[Records from a dataset]
# # #
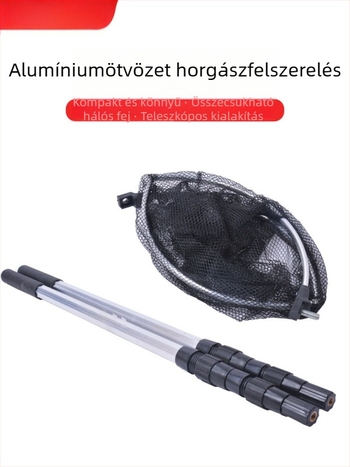 Alumíniumötvözetből készült horgász hálóbot vasgyűrűvel, összecsukható hálófej 1,7 m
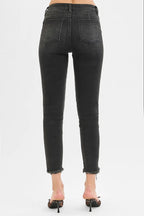 Dreamkue-Risen Women's Tummy Control Mid Rise Crop Skinny Jeans Shaping Stretch Denim Pants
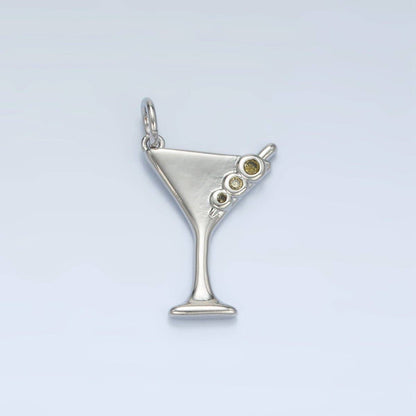 24K Gold Filled Martini Olive Alcohol Drink CZ Mini Charm in Gold & Silver | E311: Silver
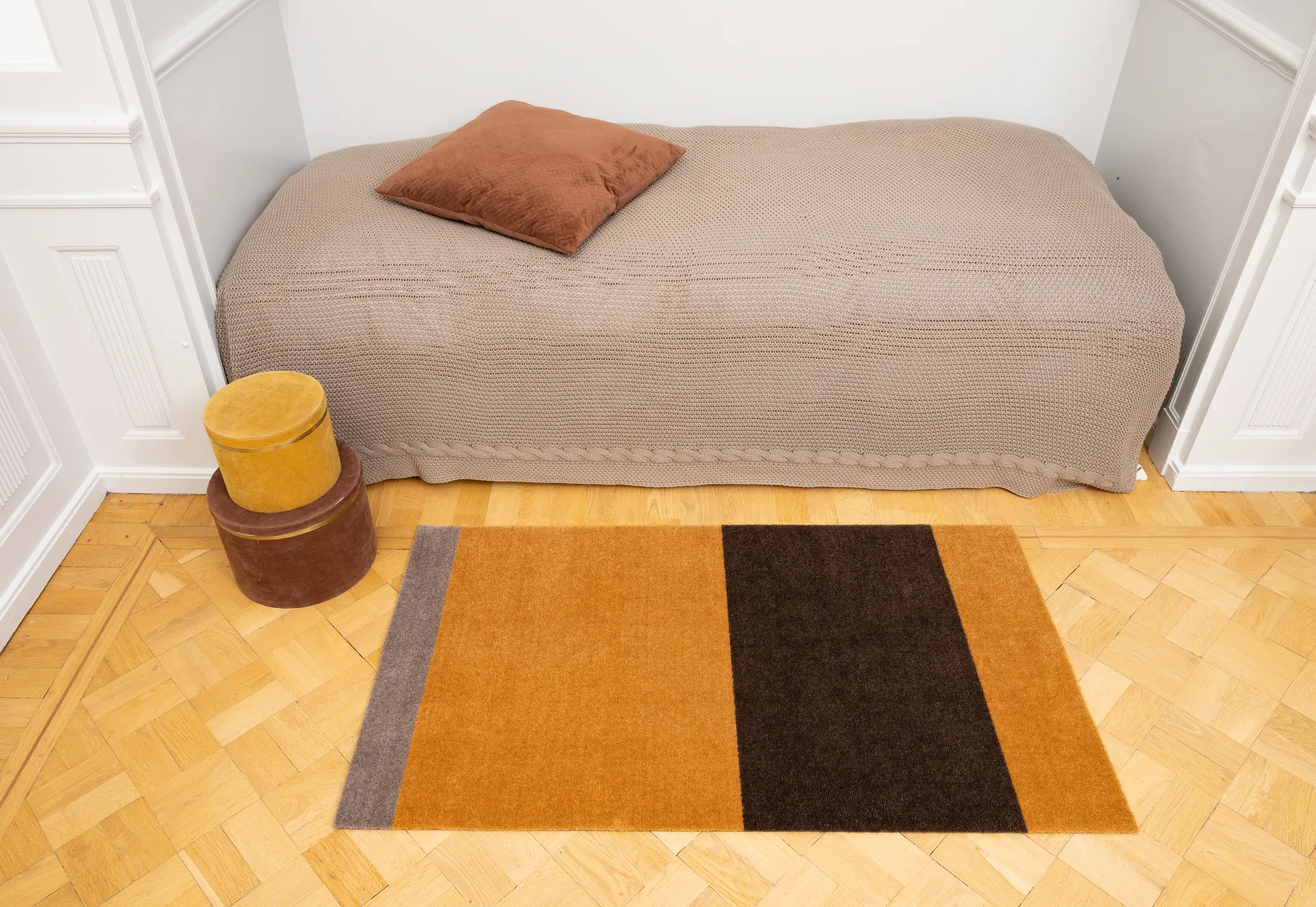Stripes Flurteppich horizontal, Dijon-brown-sand, 67 x 120cm tica copenhagen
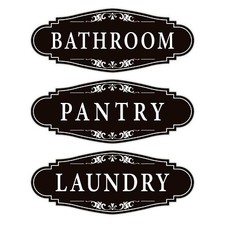 3PCS Bathroom/Laundry Room/Pantry Door Signs Sticker, Self-Adhesive Weatherpr...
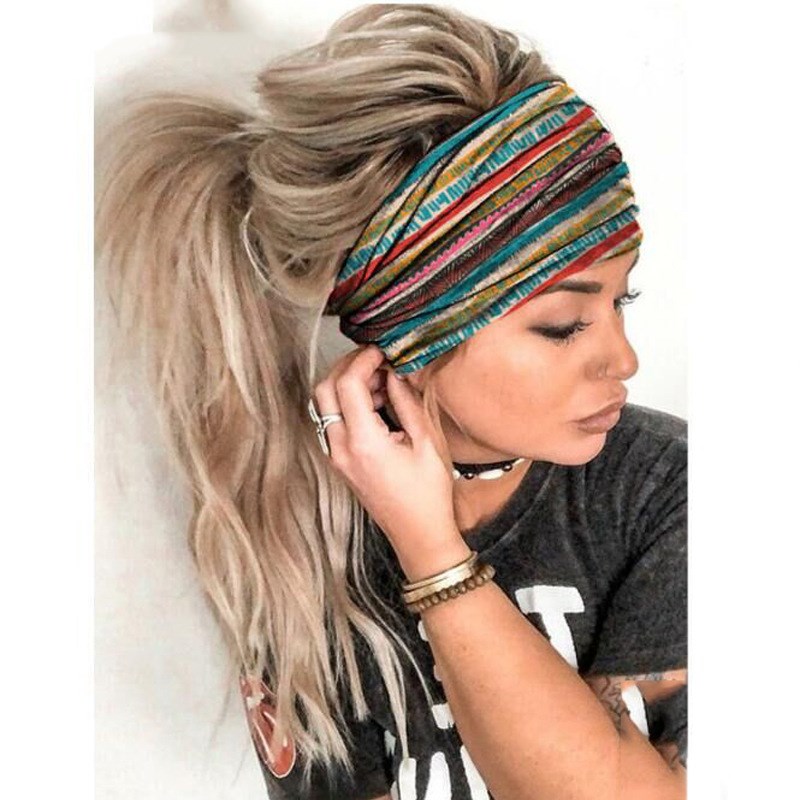 New Women's Striped Floral Sun Moon Star Yoga Sports Wide Headband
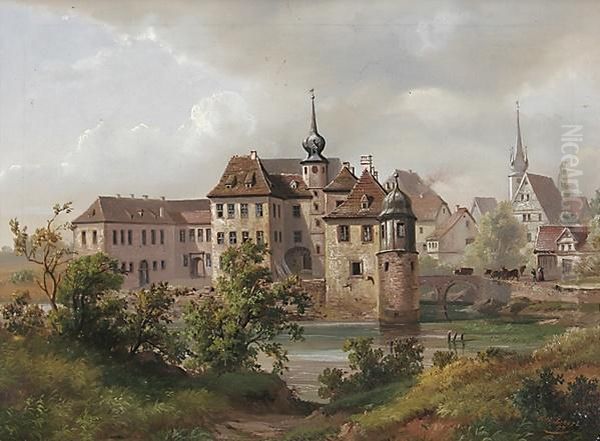 Schlos Schrozberg Oil Painting by Georg Maria Eckert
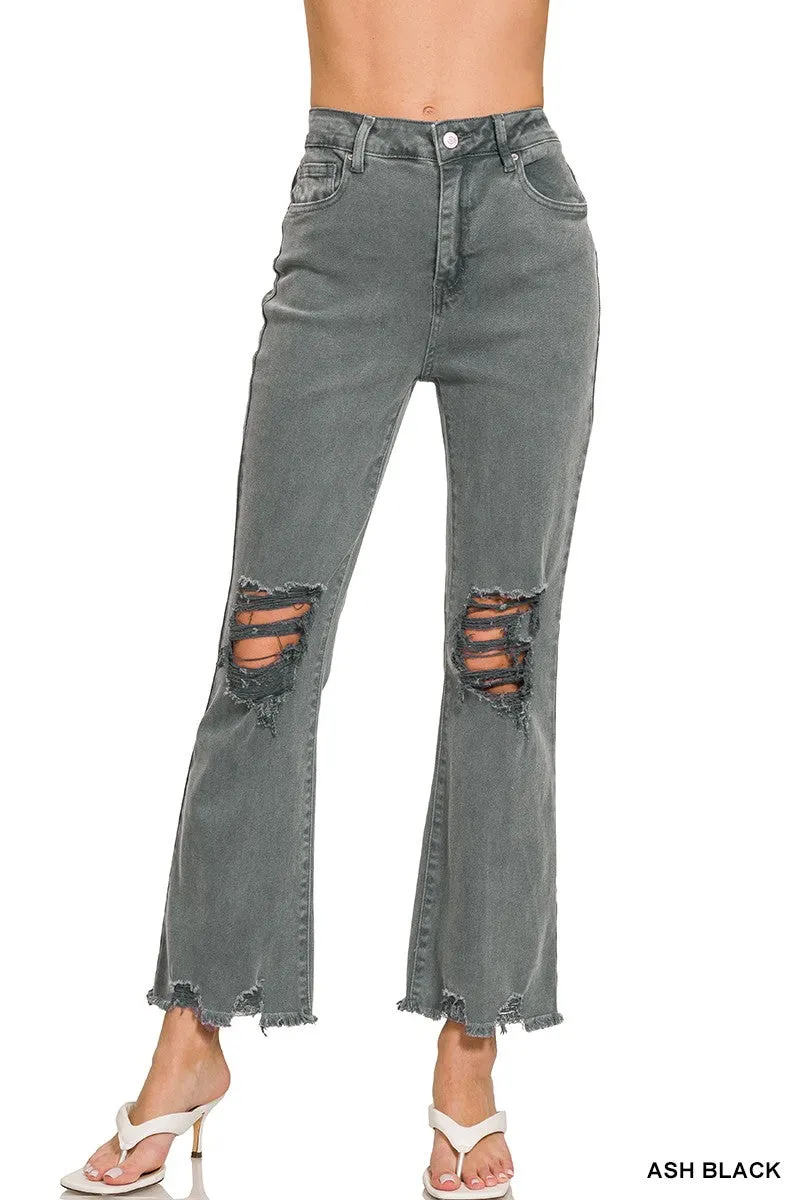 Acid Wash Distressed Straight Leg Jeans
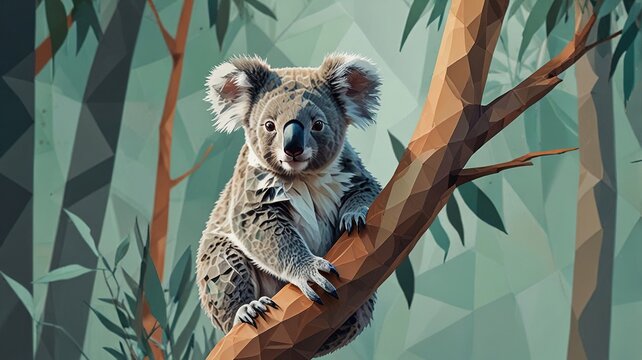 Abstract vector of a koala clinging to a low-poly eucalyptus tree, set against a soft mint green background with gentle grays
# # #
### Exercise
The answer is every line of the data, exactly as written, with the pictures dropped.

### Result for this task
 Alumíniumötvözetből készült horgász hálóbot vasgyűrűvel, összecsukható hálófej 1,7 m
 Dreamkue-Risen Women's Tummy Control Mid Rise Crop Skinny Jeans Shaping Stretch Denim Pants
 24K Gold Filled Martini Olive Alcohol Drink CZ Mini Charm in Gold & Silver | E311: Silver
Stripes Flurteppich horizontal, Dijon-brown-sand, 67 x 120cm tica copenhagen
 3PCS Bathroom/Laundry Room/Pantry Door Signs Sticker, Self-Adhesive Weatherpr...
 New Women's Striped Floral Sun Moon Star Yoga Sports Wide Headband
 Schlos Schrozberg Oil Painting by Georg Maria Eckert
 Acid Wash Distressed Straight Leg Jeans
 Abstract vector of a koala clinging to a low-poly eucalyptus tree, set against a soft mint green background with gentle grays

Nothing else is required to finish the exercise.